§ AVAILABLE DATA
'''
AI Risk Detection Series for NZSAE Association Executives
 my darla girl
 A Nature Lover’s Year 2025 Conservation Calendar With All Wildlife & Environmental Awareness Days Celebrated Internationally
'''
§ REQUIREMENT
Your task is to return all of the material exactly.

§ ANSWER FOR THE TASK
AI Risk Detection Series for NZSAE Association Executives
 my darla girl
 A Nature Lover’s Year 2025 Conservation Calendar With All Wildlife & Environmental Awareness Days Celebrated Internationally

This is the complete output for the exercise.